8. Participants are required to submit what they have recorded to organizers by e-mail not later than September 11, 2002.

9. All the material submitted by the participants will be made into a feature-length film and shown on TV and in cinemas throughout the world.

10. The film will become a powerful means to unite people all over the world in the war against terrorism.

 

   

 

Part D

One World, Many Universes

 

    Ours is, in many ways, a world without boundaries. Being a citizen of a particular nation is almost as much as being a resident of a particular town or province. Boundaries of class and caste that once shaped societies continue to fade. The freedom of people to move increases gradually with the relaxation of immigration laws in the last century. Many countries have fairly simple requirements for obtaining citizenship and voting rights.
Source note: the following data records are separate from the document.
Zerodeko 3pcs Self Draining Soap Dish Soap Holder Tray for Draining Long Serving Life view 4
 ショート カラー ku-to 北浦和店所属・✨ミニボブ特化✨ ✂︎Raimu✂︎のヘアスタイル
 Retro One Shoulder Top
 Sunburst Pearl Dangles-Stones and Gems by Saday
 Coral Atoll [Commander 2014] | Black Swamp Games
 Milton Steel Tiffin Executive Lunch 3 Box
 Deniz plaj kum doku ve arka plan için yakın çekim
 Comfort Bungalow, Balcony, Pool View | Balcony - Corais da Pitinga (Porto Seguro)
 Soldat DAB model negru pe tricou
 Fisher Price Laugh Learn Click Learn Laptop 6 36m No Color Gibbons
     In Europe, for example, the European Union's membership has grown to 15 countries and may increase to 21 or more by 2010. It has developed a common body of laws, common policies and practices, and a great deal of cooperation among its members. The adoption of the single currency, the euro, by 12 of its member countries and the circulation of euro cash in January 2002 have enabled citizens in these countries to move about even more freely.

     In addition, all of the major organized religions, including Christianity, Judaism, Buddhism, Hinduism, and Islam, are alive and well, but less clearly and exclusively identified with specific cultures and geographic regions. People everywhere feel free to convert to other religions, and many people identify themselves with more than one religion.

     Since 1995, which is called the Year of the Internet, cyberspace has become a rich and realistic realm of experience. Its activities include the No-Self Network, which is concerned with liberation from the self. The network's members regard this liberation as an ordinary human achievement-roughly comparable to learning to play the piano -- and not as a superhuman or divine feat. One World, Many Universes is, for me, the most persuasive mix of idealism and realism. This particular future is likely to be the most fast-changing one, rapidly evolving beyond what I have described.

 

 

Questions:

 

1. What is the passage mainly about?

2. Which of the following is not mentioned in the passage as a reason that makes national boundaries less prominent?

3. Which of the following is not one of the major religions mentioned in the passage?

4. What enabled citizens in many EU countries to move about more freely?